| What you have to do |
Restrict the output to the lines below starting at the one that contains "Image of Nardostachys" and ending at the one that contains "Iguazu Falls on", and restate them word for word, both ends included.

| Data for the task |
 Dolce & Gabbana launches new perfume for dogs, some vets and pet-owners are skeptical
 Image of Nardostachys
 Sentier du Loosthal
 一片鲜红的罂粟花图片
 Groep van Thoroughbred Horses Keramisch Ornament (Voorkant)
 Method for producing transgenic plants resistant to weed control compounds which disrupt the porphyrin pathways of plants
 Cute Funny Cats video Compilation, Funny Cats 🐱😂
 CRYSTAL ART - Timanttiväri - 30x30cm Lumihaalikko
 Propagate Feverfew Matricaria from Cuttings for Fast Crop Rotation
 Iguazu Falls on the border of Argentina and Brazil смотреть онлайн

...

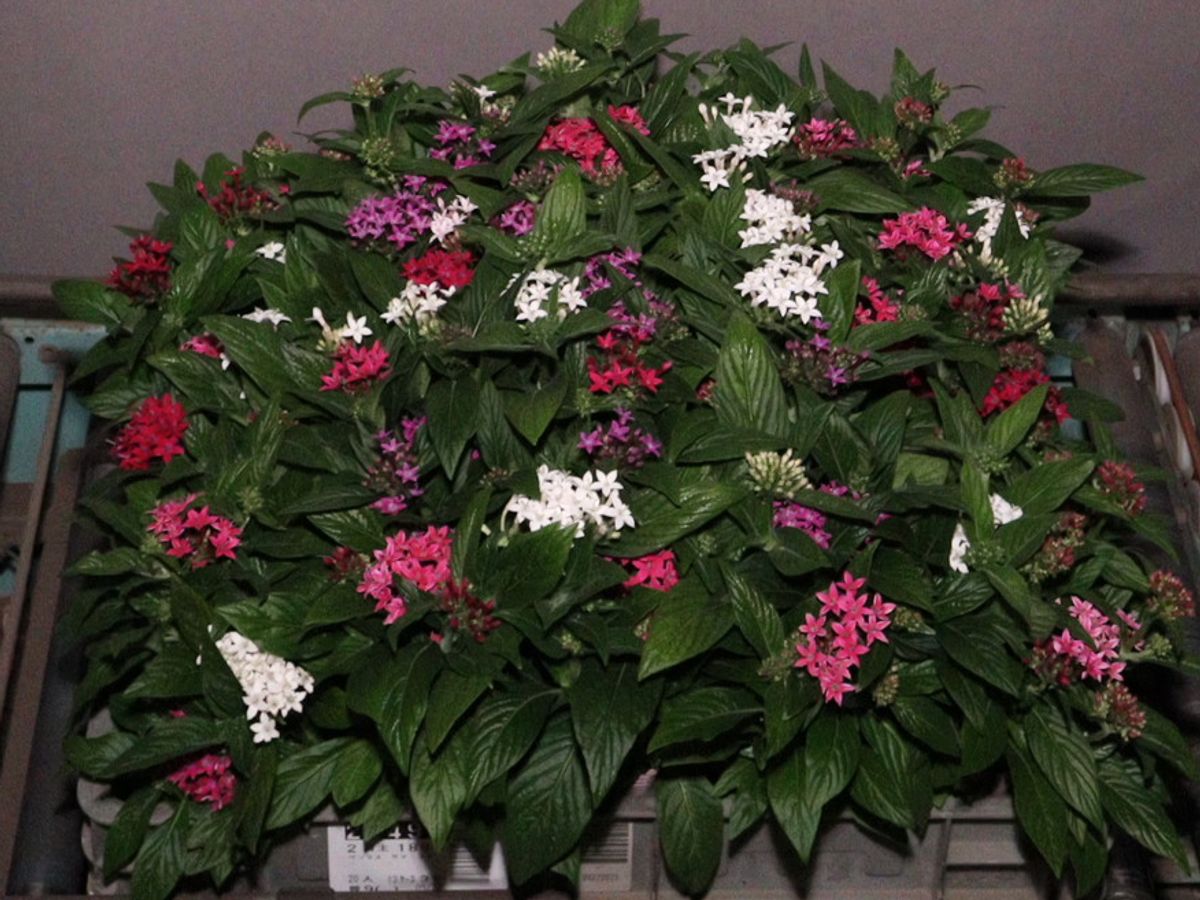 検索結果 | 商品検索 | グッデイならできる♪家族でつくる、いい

| Reply |
 Image of Nardostachys
 Sentier du Loosthal
 一片鲜红的罂粟花图片
 Groep van Thoroughbred Horses Keramisch Ornament (Voorkant)
 Method for producing transgenic plants resistant to weed control compounds which disrupt the porphyrin pathways of plants
 Cute Funny Cats video Compilation, Funny Cats 🐱😂
 CRYSTAL ART - Timanttiväri - 30x30cm Lumihaalikko
 Propagate Feverfew Matricaria from Cuttings for Fast Crop Rotation
 Iguazu Falls on the border of Argentina and Brazil смотреть онлайн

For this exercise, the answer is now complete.